18h30. Adèle n'est toujours pas rentrée du lycée. Elle n'est pas joignable sur son portable Inquiètes, sa mère et sa soeur contactent ses amies, découvrent qu'elles se sont fâchées. Dans la chambre d'Adèle, Sophie, sa mère, trouve un mot : Adèle est partie en Syrie, gagner le paradis pour elle et les siens en mourant là-bas. Sophie et son mari Philippe n'ont rien vu venir. Ils n'ont rien deviné de la conversion d'Adèle. D'abord atterrée, Sophie va rencontrer d'autres parents "orphelins". Tous ont vécu des situations différentes mais on retrouve quand même des points communs qui démontrent un endoctrinement de type sectaire.

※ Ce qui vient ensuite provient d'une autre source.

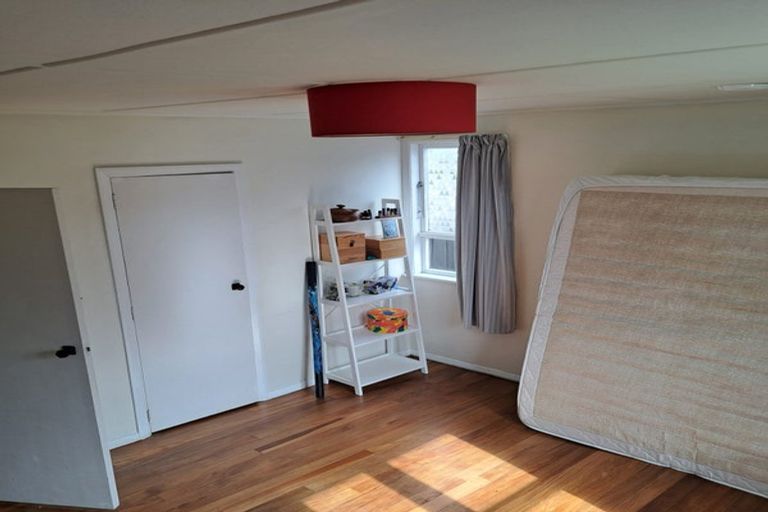 Photo of property in 96 Dimock Street, Titahi Bay, Porirua, 5022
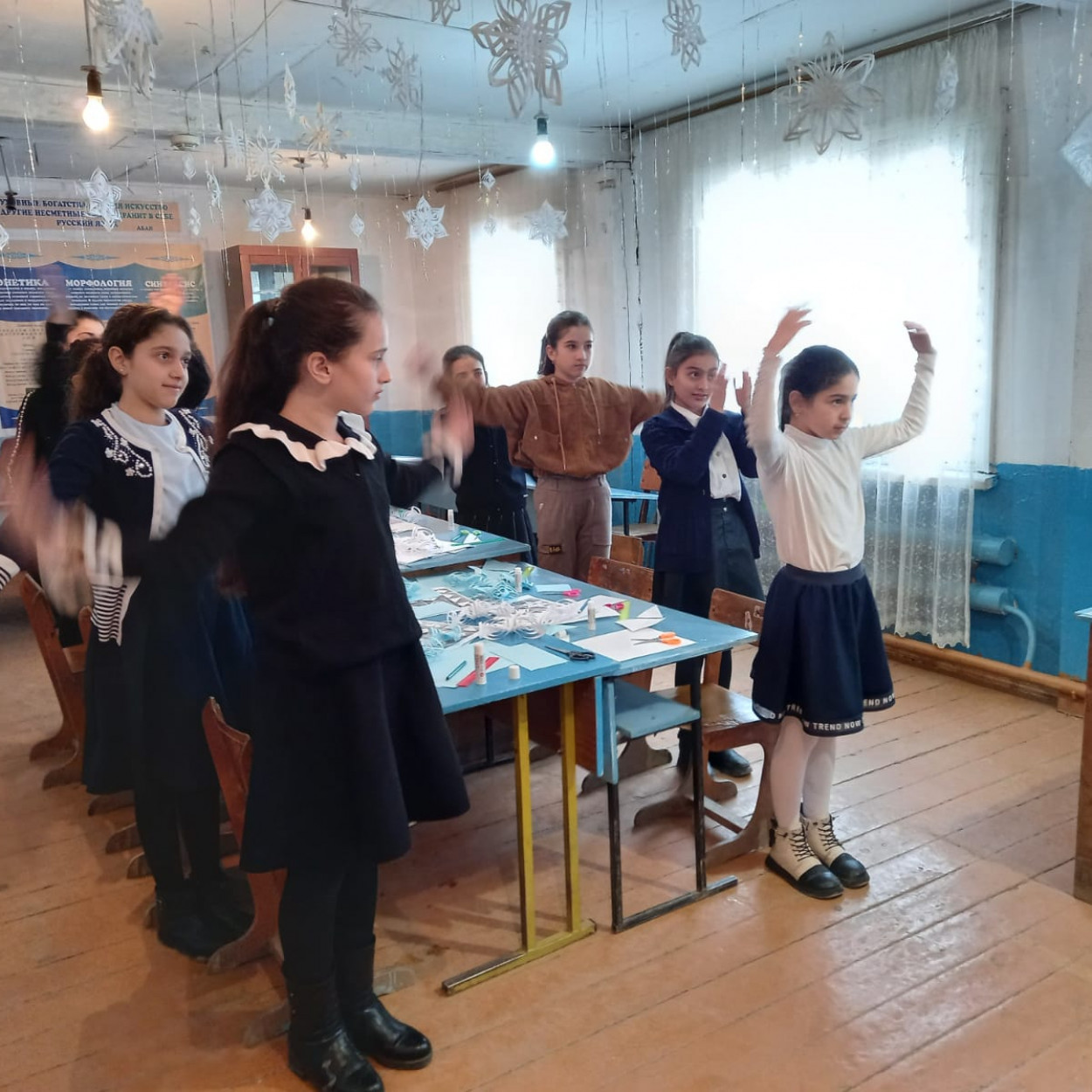 Открытое занятие педагога объединения начального технического моделирования МБУДО"РЦДТ" Кахировой С.А. на тему "Объёмная снежинка"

J'ai d'abord été surprise par la forme de narration choisie pour ce livre : il est écrit comme un roman, à la troisième personne mais du point de vue de Sophie. C'est un peu déstabilisant quand on sait qu'il a été écrit par une personne qui a rencontré Sophie. Cependant, cela présente l'avantage d'une lecture facile (je n'ose pas dire agréable) qui manque parfois dans les livres témoignages.
Dounia Bouzar écrit plutôt bien pour quelqu'un dont ce n'est pas vraiment le "métier" et cela permet de lire son livre sans peine.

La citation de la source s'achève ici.